## Task instructions
What's needed is an exact copy of the lines from the one that contains "Mountain Island Graphic" to the end of the data below, leaving the pictures out.

## Source data
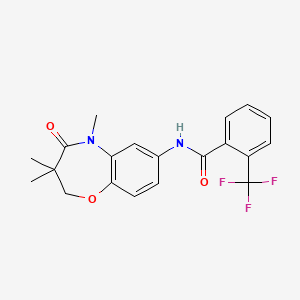 molecular formula C20H19F3N2O3 B2390462 2-(trifluoromethyl)-N-(3,3,5-trimethyl-4-oxo-2,3,4,5-tetrahydrobenzo[b][1,4]oxazepin-7-yl)benzamide CAS No. 921836-40-0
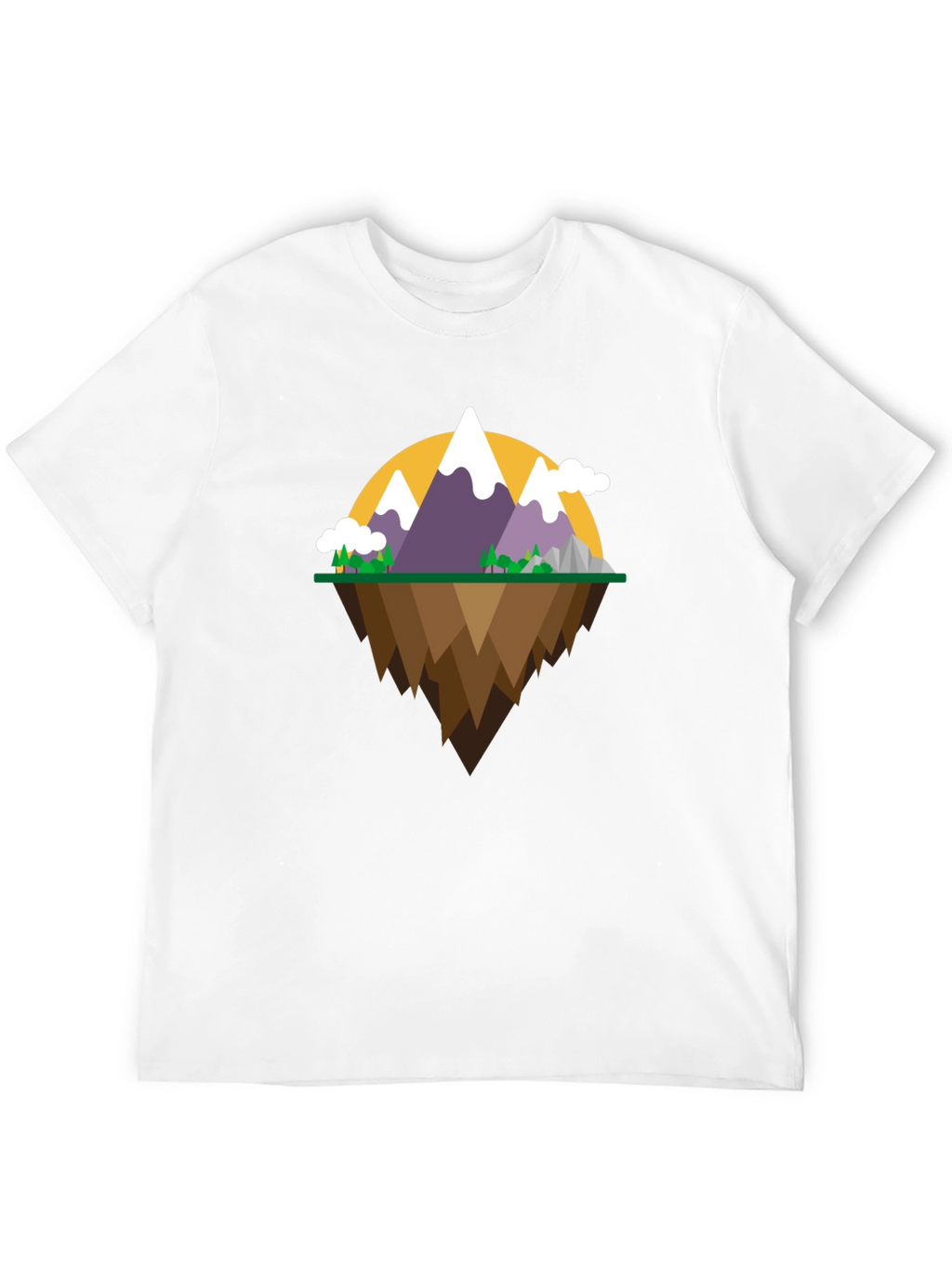 Mountain Island Graphic Tee - Black Cotton Shirt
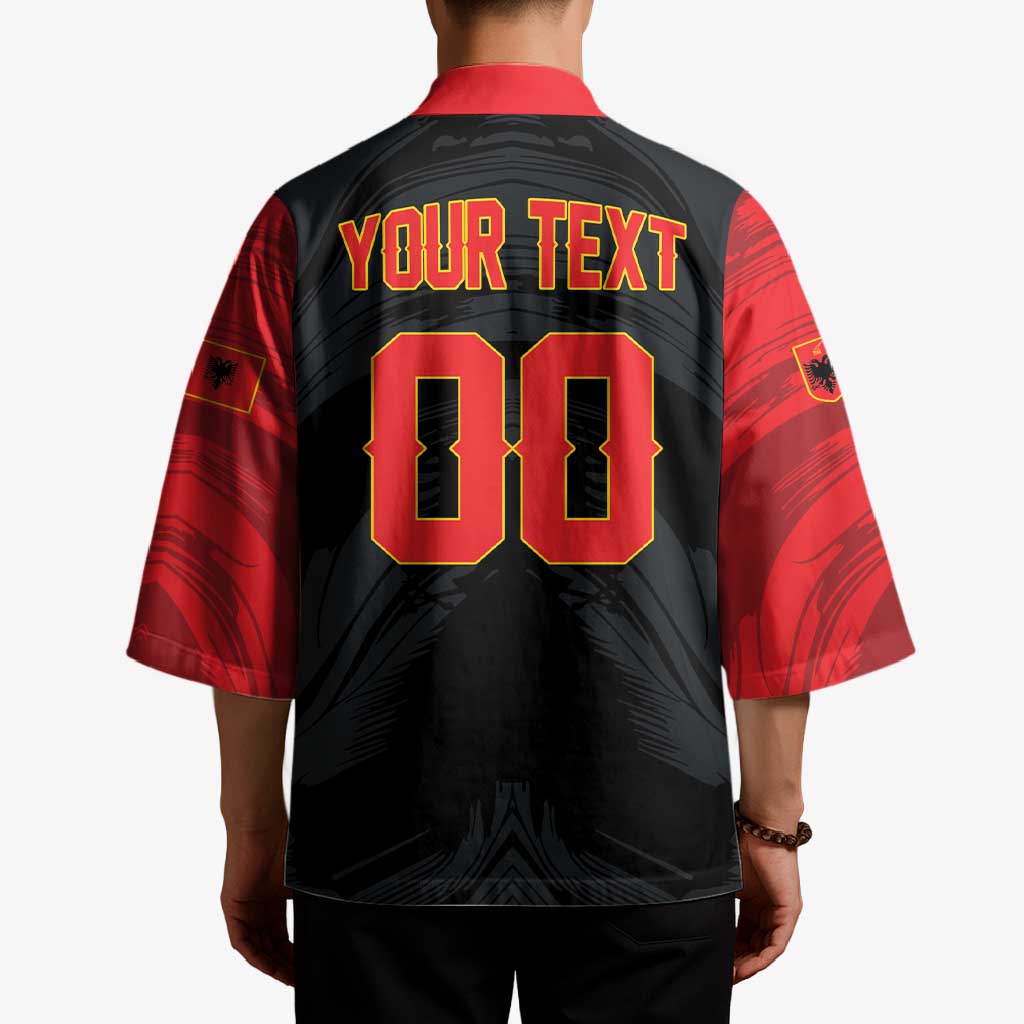 Custom Football 2026 Albania Black Kimono Kuqezinjte Come On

## Result of the exercise
 Mountain Island Graphic Tee - Black Cotton Shirt
 Custom Football 2026 Albania Black Kimono Kuqezinjte Come On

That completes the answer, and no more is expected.